1. Some differences between commercial arbitration and court litigation

Commercial arbitration and court litigation are both dispute resolution methods applied in commercial business. Whichever method is chosen, the parties' agreements before and during the dispute resolution process will be respected by the dispute resolution body within a certain scope, and the final decision affecting the rights and interests of the parties is made on the basis of ensuring the independence of the adjudicator.

However, there are many differences between commercial arbitration and court litigation, creating specific characteristics and advantages and disadvantages of each method. Specifically:

Firstly, regarding the scope of dispute resolution: If the People's Court has the authority to resolve all disputes arising in society, from commercial business to land, marriage and family, other civil disputes, the jurisdiction of commercial arbitration is specifically limited in Article 2 of the Law on Commercial Arbitration 2010, including: (1) Disputes between parties arising from commercial activities; (2) disputes arising between parties, in which at least one party has commercial activities; (3) other disputes between the parties that the law stipulates are resolved by arbitration.

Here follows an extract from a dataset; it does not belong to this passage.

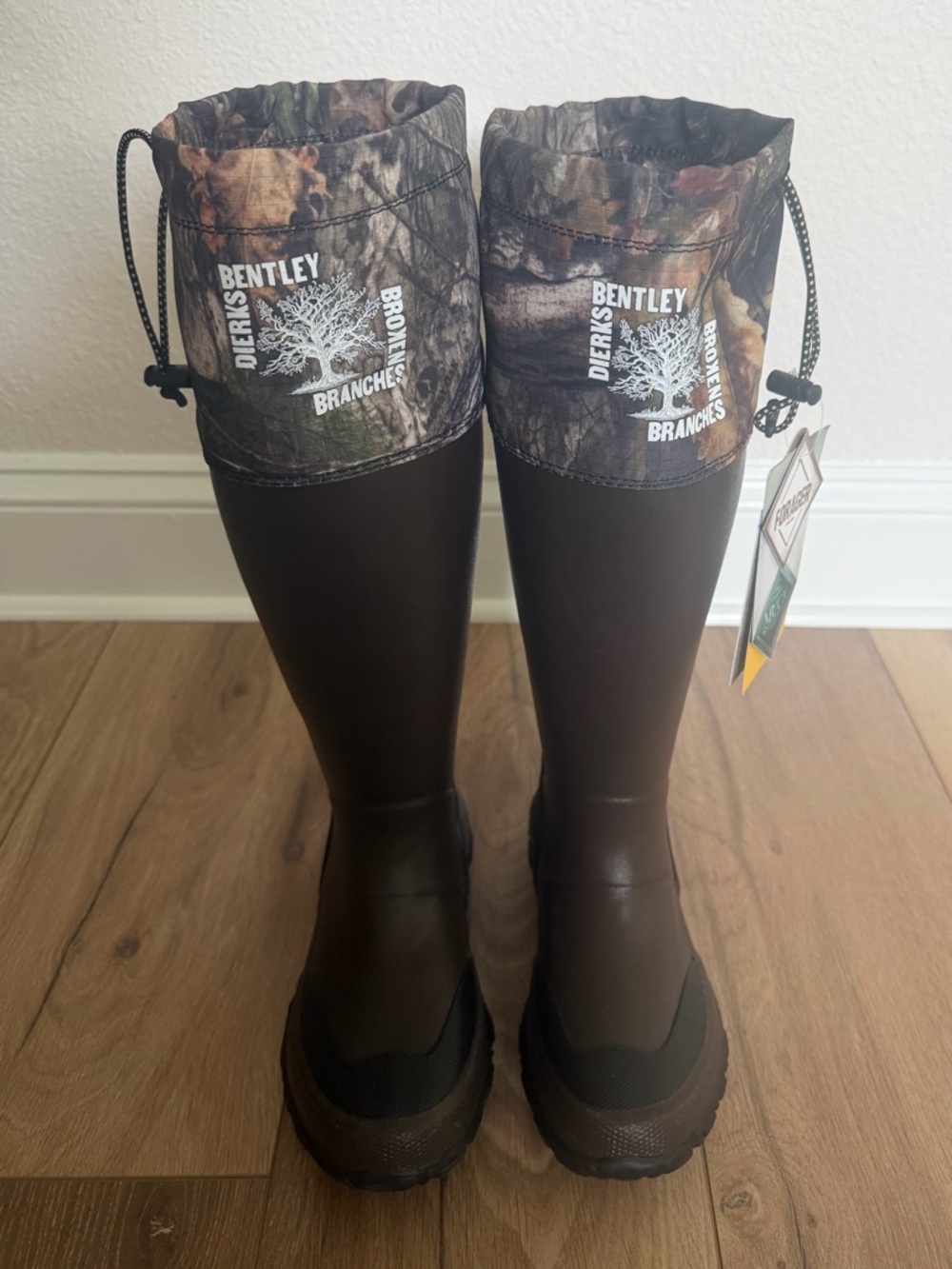 New Muck Boot Unisex Forager Tall Mossy Oak Country DNA Dierks Bentley Hunting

Secondly, regarding procedures: The arbitration procedure complies with the provisions of the Law on Commercial Arbitration and is developed and promulgated by the Arbitration Centers themselves. Meanwhile, the litigation procedure at the People's Court complies with the provisions of the current Civil Procedure Code. Examining the Rules of the Arbitration Centers, it is easy to see that the litigation procedures at the Arbitration Centers are simpler, more convenient, and more flexible than litigation at the Court. This will be analyzed more specifically in Part II, when referring to the rules of VIAC.

Thirdly, regarding the validity of the award: The legally effective judgments and decisions of the Court carry the power of the State and are guaranteed to be enforced by the judgment enforcement agency. However, court litigation, in principle, goes through many levels of trial, therefore, the judgment issued by the first instance court does not take effect immediately, but may be appealed by the parties or protested by competent agencies/individuals. Meanwhile, the Arbitral Award is final. Lawsuits requesting the annulment of an arbitral award are only carried out when it falls into one of the cases specified in Clause 2, Article 68 of the Law on Commercial Arbitration 2010, including: (1) There is no arbitration agreement or the agreement is invalid; (2) The composition of the Council, the arbitration procedure is not in accordance with the agreement of the parties or contrary to the law; (3) The dispute is not under the jurisdiction of the Council; (4) The award contains content not under the jurisdiction of the Council; (5) The evidence used by the Council as a basis for making the award is forged; (6) The arbitrator receives money, property or other material benefits from one of the disputing parties, affecting the objectivity and fairness of the award; (7) The award is contrary to the basic principles of Vietnamese law.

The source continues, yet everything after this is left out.